Prompt: Give back the lines below verbatim, omitting all pictures.

Recorded information:
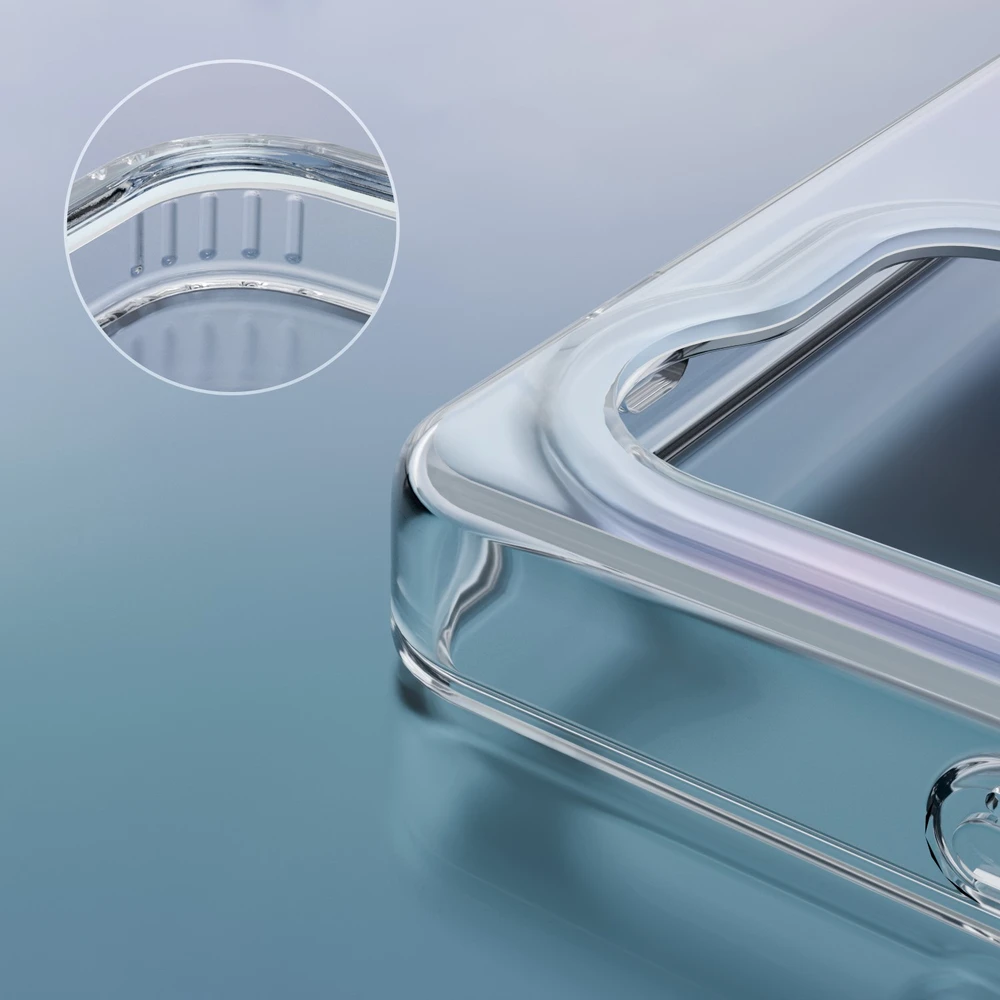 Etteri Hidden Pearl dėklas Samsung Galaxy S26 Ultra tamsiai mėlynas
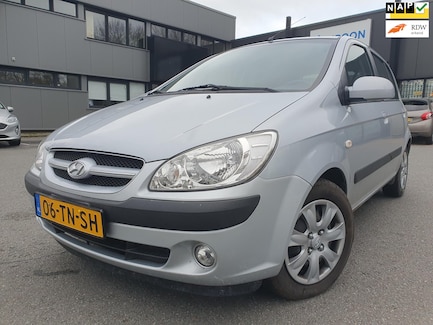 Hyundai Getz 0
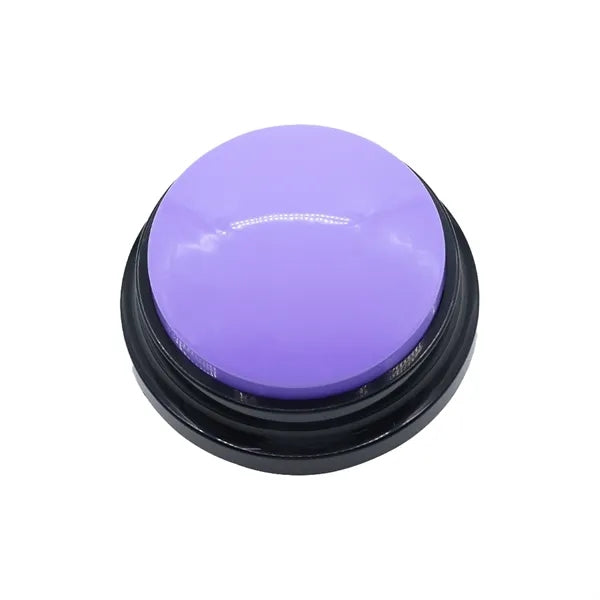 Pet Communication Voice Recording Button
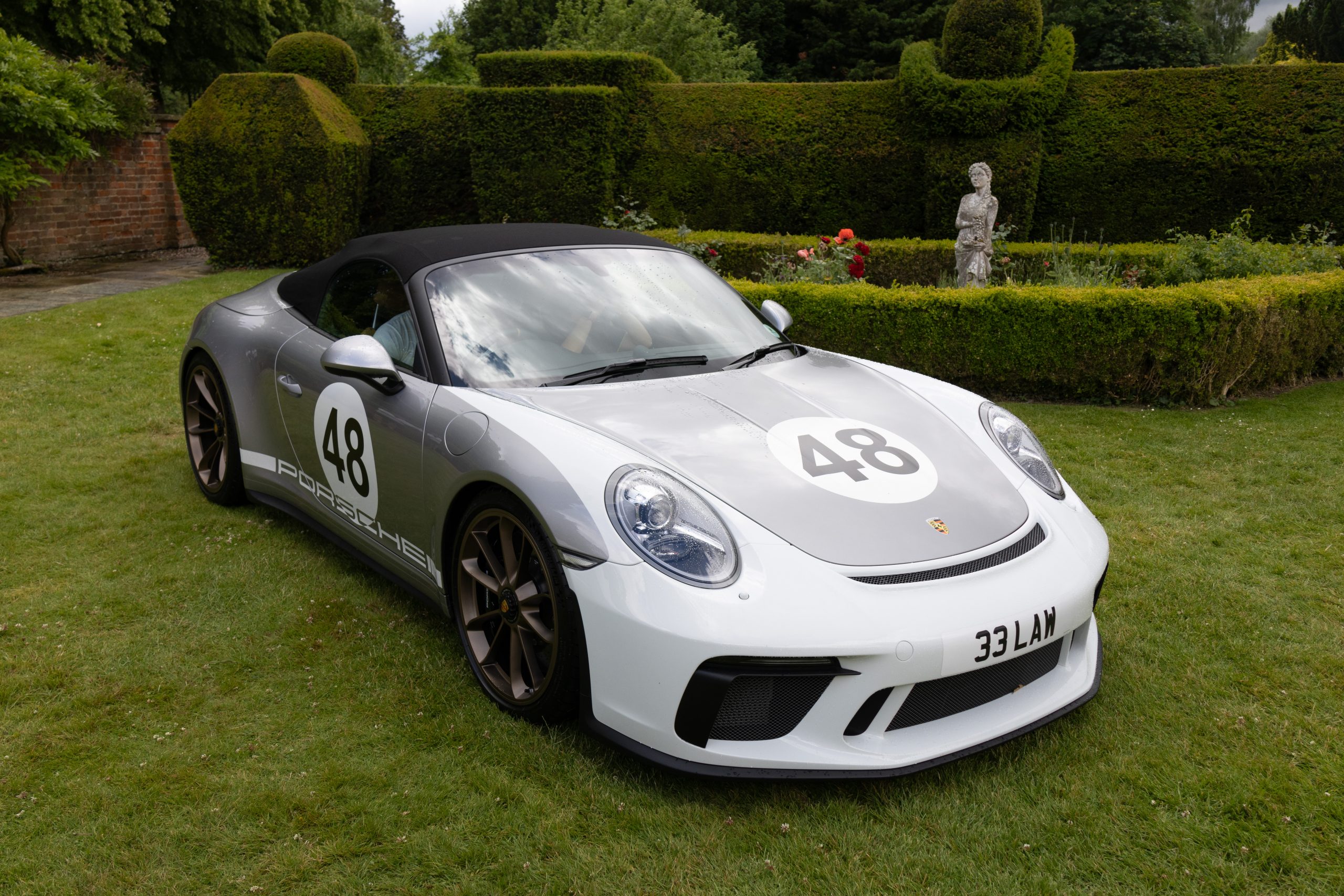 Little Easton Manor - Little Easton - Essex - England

Response area:
 Etteri Hidden Pearl dėklas Samsung Galaxy S26 Ultra tamsiai mėlynas
 Hyundai Getz 0
 Pet Communication Voice Recording Button
 Little Easton Manor - Little Easton - Essex - England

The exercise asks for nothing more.